The Morena supporters can no longer continue to say that judicial reform “is a mandate from the people.” There is no doubt that Claudia Sheinbaum achieved a resounding victory, with 59.75 percent of the votes, even though it was in the most unequal contest since the days of the hegemonic party. However, the wise people only gave Morena and its satellite parties 54 percent of the votes for Congress. It was not a mandate to reestablish a single-party regime.
The INE granted Morena and its allies a qualified majority with 364 seats in the Chamber of Deputies, in addition to 83 in the Senate, three short of the qualified majority. Its interpretation of Article 54 of the Constitution ruled out the Supreme Court’s jurisprudence thesis of 1998, drafted by then-minister Olga Sánchez Cordero, which stated that the distribution of plurinominal legislators “must be done taking into account not only the literal text, but also the value of political pluralism that it protects.”
But not only did the INE not heed this thesis of jurisprudence, but now the 4T is openly buying senators that it did not obtain at the polls in order to achieve that qualified majority that will allow it to make constitutional reforms without negotiating them with the opposition and, above all, to give the executive control of the judiciary. The desire to give “a gift” to López Obrador is so strong that any other consideration is superfluous.
Is it legal to buy senators elected by the opposition to form part of the ruling party? Unfortunately, yes it is. Our parliamentary system allows the purchase of seats and consciences. In 2018, the PVEM, which competed in that year’s election allied with the PRI and Nueva Alianza, in the Todos por México coalition, transferred its 17 deputies and seven senators to the López Obrador government’s party. It was an act of opportunism that betrayed the vote of the voters, who voted for the Green Party with the idea that it represented a different option to Morena. It is very likely that the agreement was made before the election as a ploy to give AMLO a presence in Congress that he did not obtain at the polls.
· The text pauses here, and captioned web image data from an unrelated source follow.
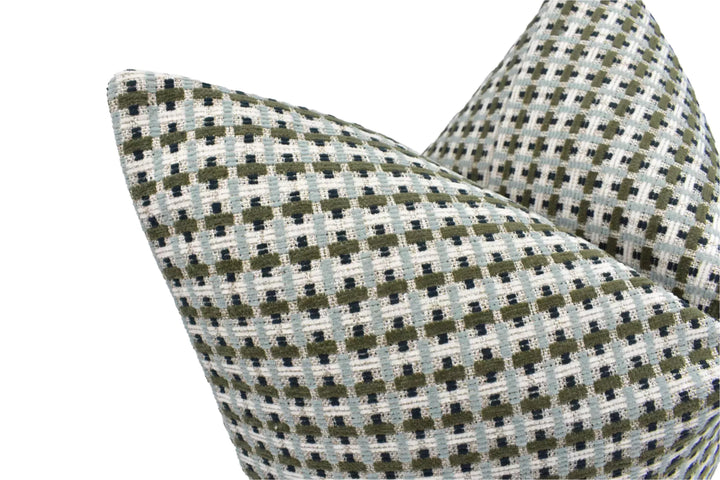 A close-up view of a decorative pillow with a geometric pattern in shades of green and gray.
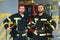 Portrait of two young firemen in uniform standing inside the fire station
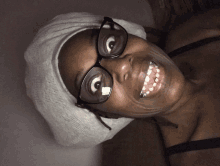 a woman wearing glasses and a towel on her head smiles for the camera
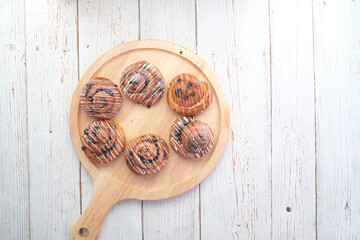  top view of cinnamon danish roll on table 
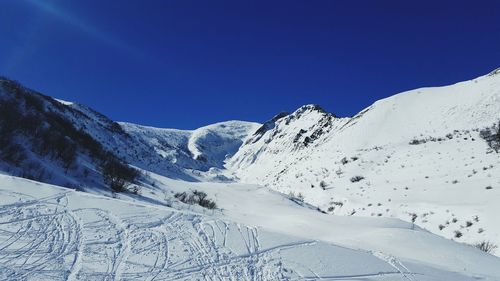 Scenic view of snowcapped mountains against clear blue sky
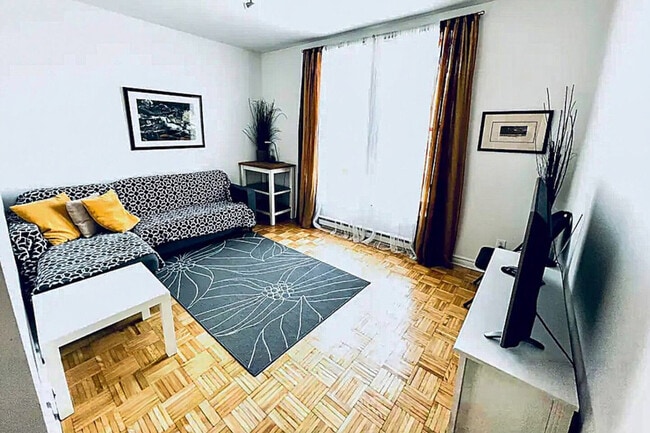 Building Photo - 4846 Rue Sainte-Catherine E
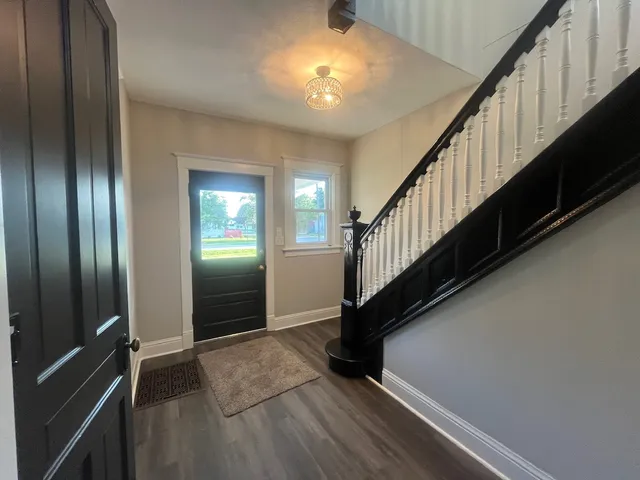 a view of an entryway with wooden floor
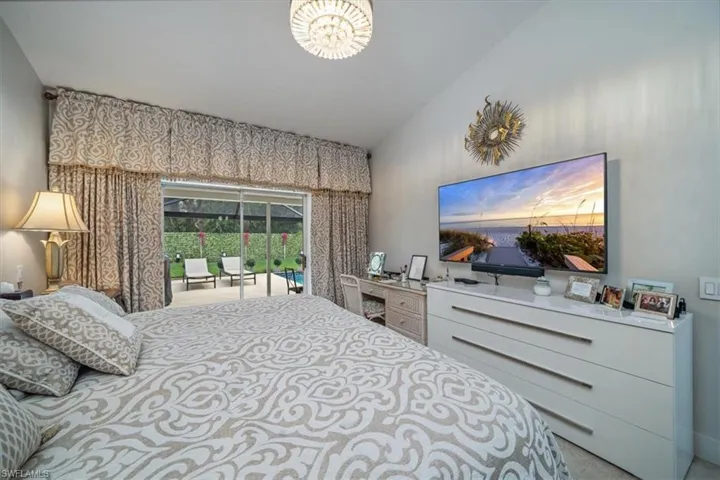 Bedroom with vaulted ceiling and carpet flooring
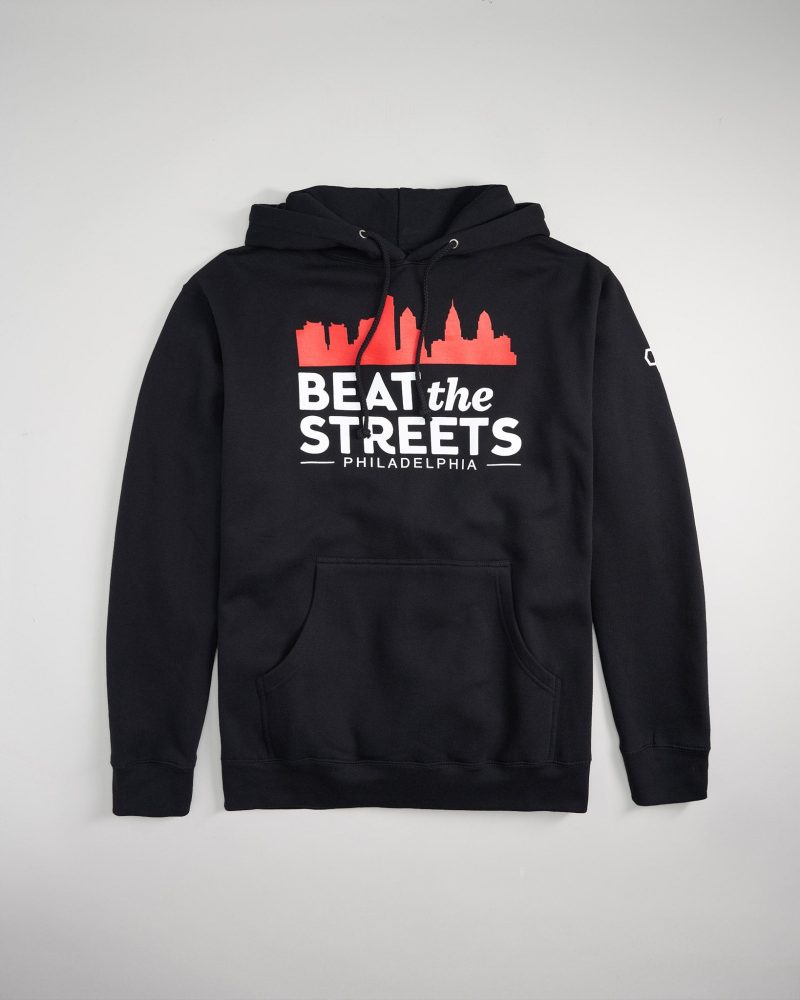 A black hoodie featuring a graphic design with the phrase BEAT the STREETS PHILADELPHIA and a skyline silhouette in red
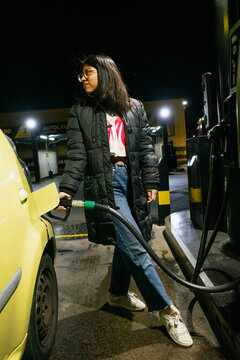 Woman Refueling Car at Night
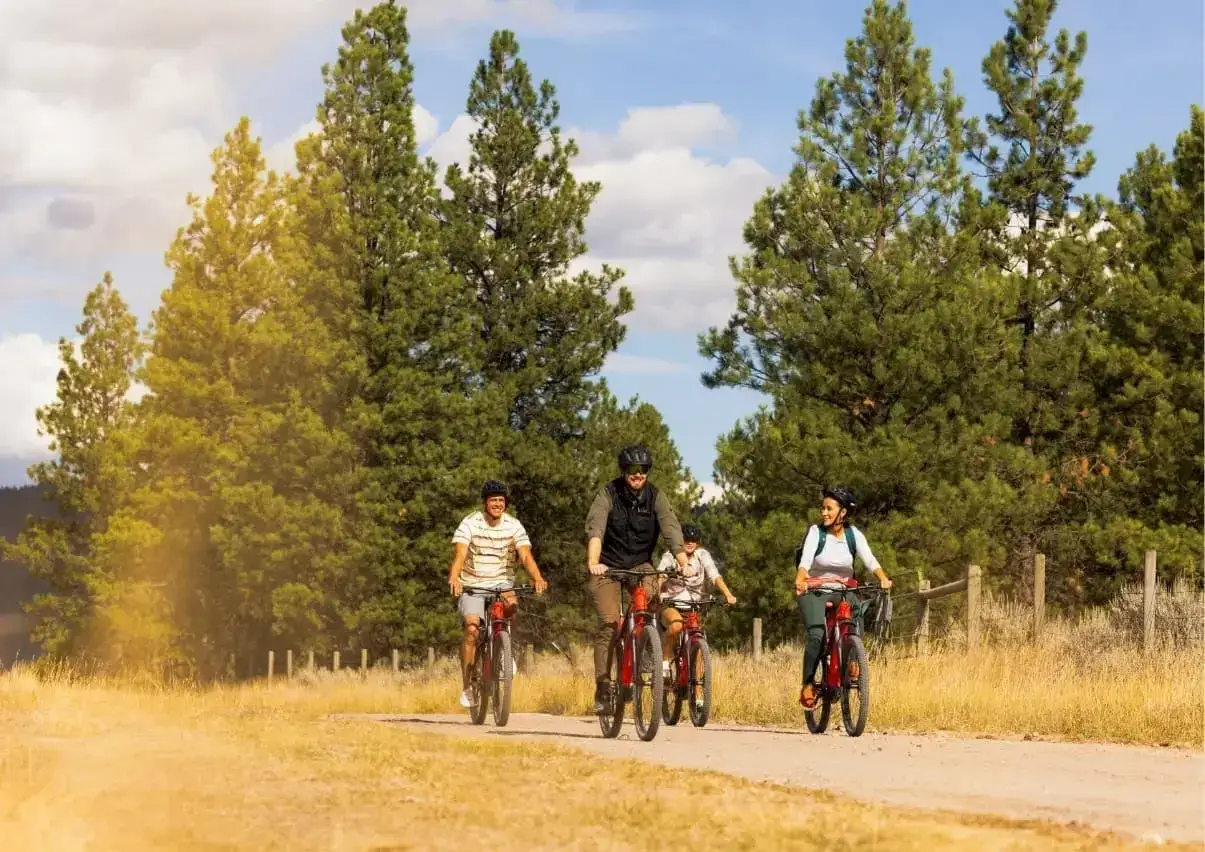A family enjoys a scenic ride on electric bikes, experiencing the benefits of effortless exploration and outdoor fun amidst tall trees and a sunny sky.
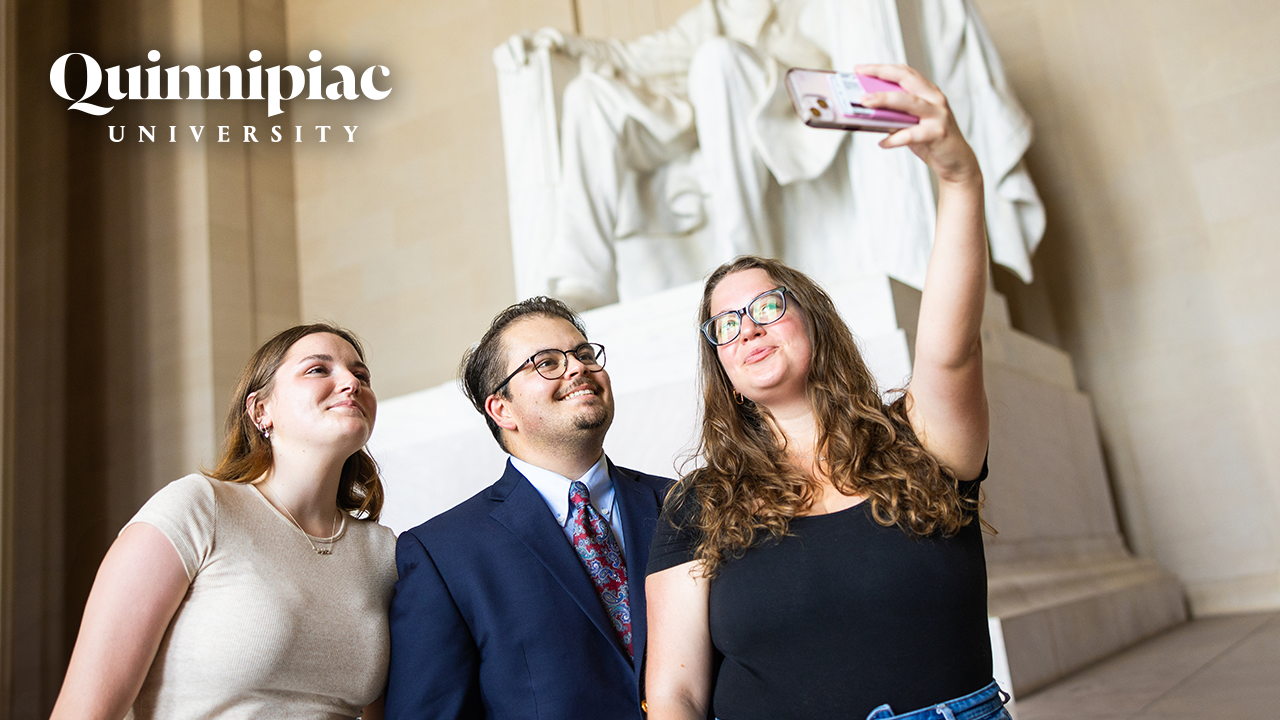 Thumbnail image of students taking a selfie in Washington DC during the QU in DC program.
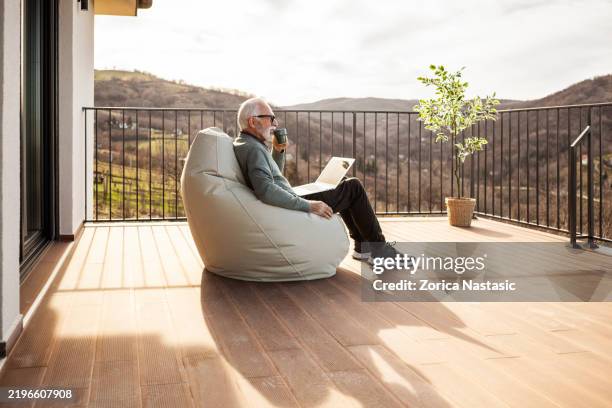 man working remotely with coffee in hand - bean bag stock pictures, royalty-free photos & images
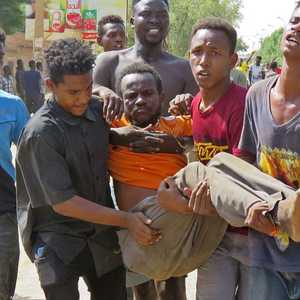 شبان يسعفون أحد المصابين في الاحتجاجات السودانية بالخرطوم.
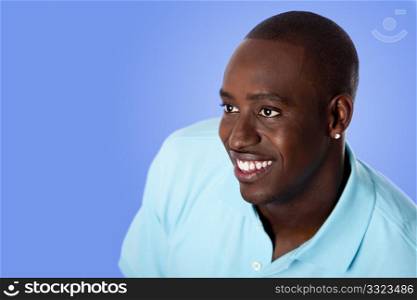 Face of handsome happy African American corporate business man smiling, wearing blue polo shirt, isolated.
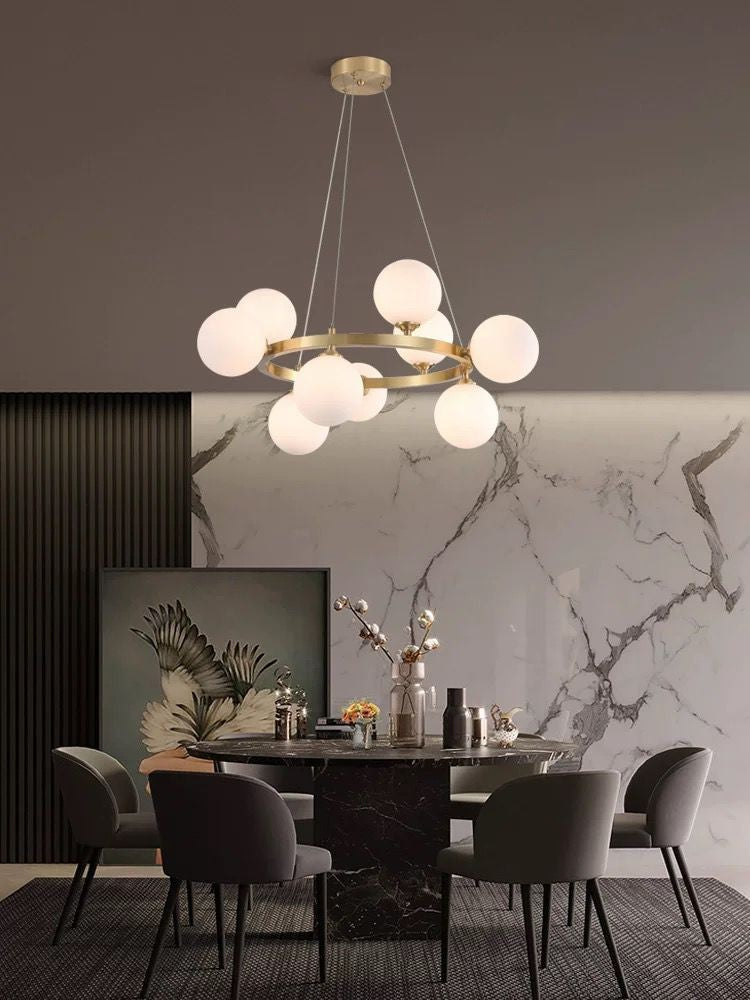 Lustra cu globuri albe si structura aurie montata deasupra mesei de dining intr-un interior modern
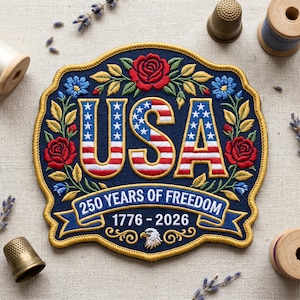 May include: Embroidered patch with a navy blue background, featuring the word "USA" in red and white stripes with blue stars. The patch is decorated with red roses, blue flowers, and gold trim. Text reads "250 YEARS OF FREEDOM 1776-2026".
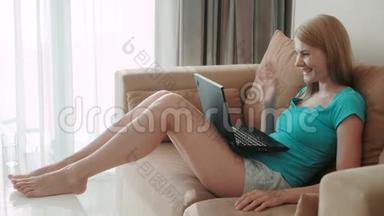 漂亮迷人的女人坐在沙发上拿着笔记本电脑。 通过电脑<strong>上网聊天</strong>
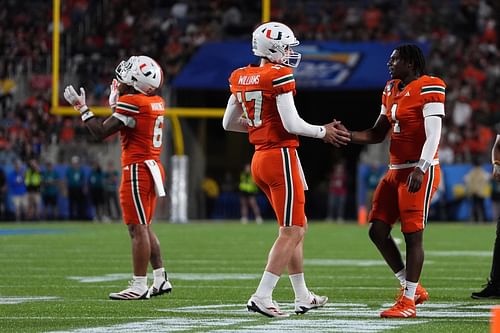 Emory Williams (17) shakes hands with quarterback Cam Ward (1) - Source: Imagn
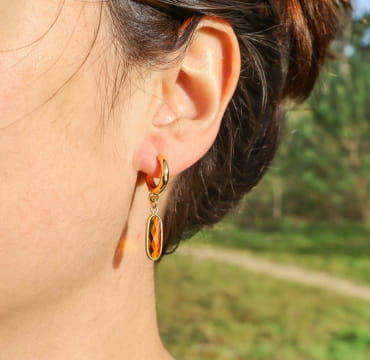 Boucles Galante dorées avec perles marron, portées sur peau dorée – création artisanale française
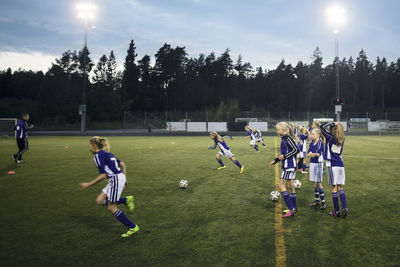 Girls playing soccer on field against sky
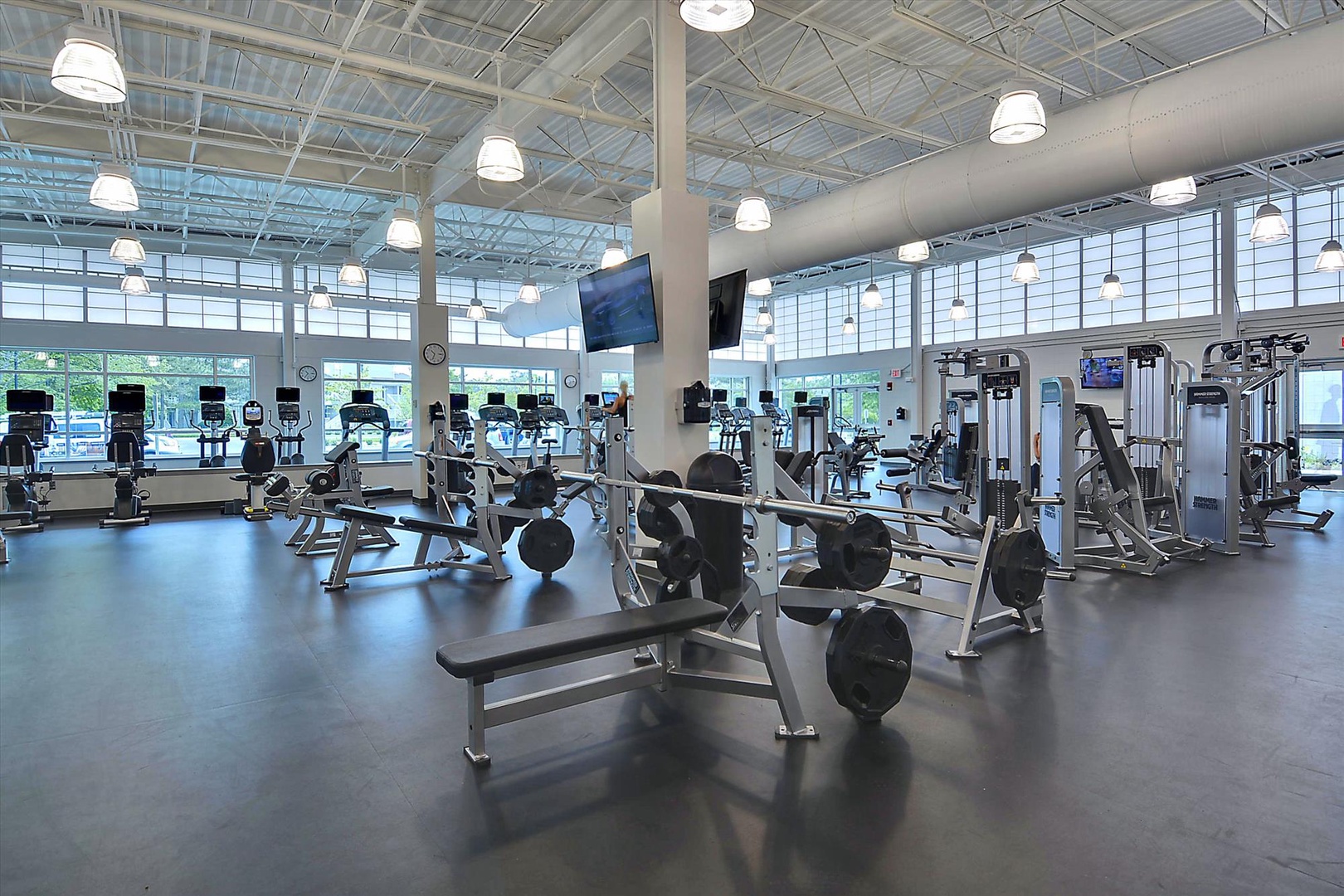A bright, spacious fitness center awaits with professional-grade equipment and natural light streaming through floor-to-ceiling windows, creating an energizing atmosphere for your daily workouts.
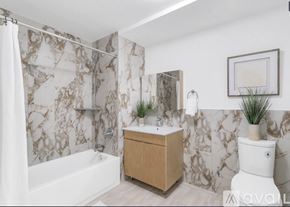 Peekskill apartment for rent - A bathroom with a marble patterned shower curtain and a wooden vanity.
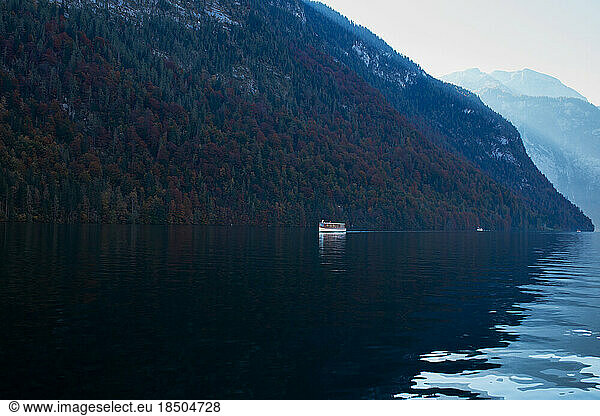 boats sail on the blue waters of an alpine lake surrounded by mountain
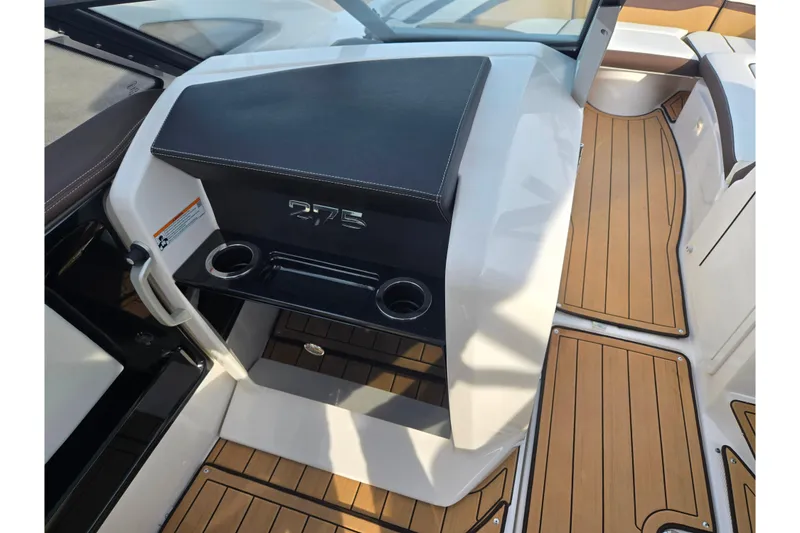 Slide: The Image of 2022 Yamaha Boats 275SD interior with teak flooring and cup holders. - 14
Overrepresentation in Congress is taking us back to the days of the single party. José Agustín Ortiz Pinchetti, the lawyer who fought so many battles alongside López Obrador, and who was faithful to him until his death on August 3, recalled those times in Two Brothers, One Country, a book written with his brother Francisco that is being presented today: “A system that was renewed only to let a different group in. There was no authentic rule of law. The privileged groups could impose not only the court rulings but the laws themselves.” López Obrador is taking us back to that single-party system.
Pause
“They have to learn to respect our sovereignty,” AMLO said yesterday, and declared a “pause with the US embassy.” What does this mean? Nobody knows. At the beginning of his administration, he also declared a “pause” with Spain, without any consequences. It is nothing more than the expression of a tantrum.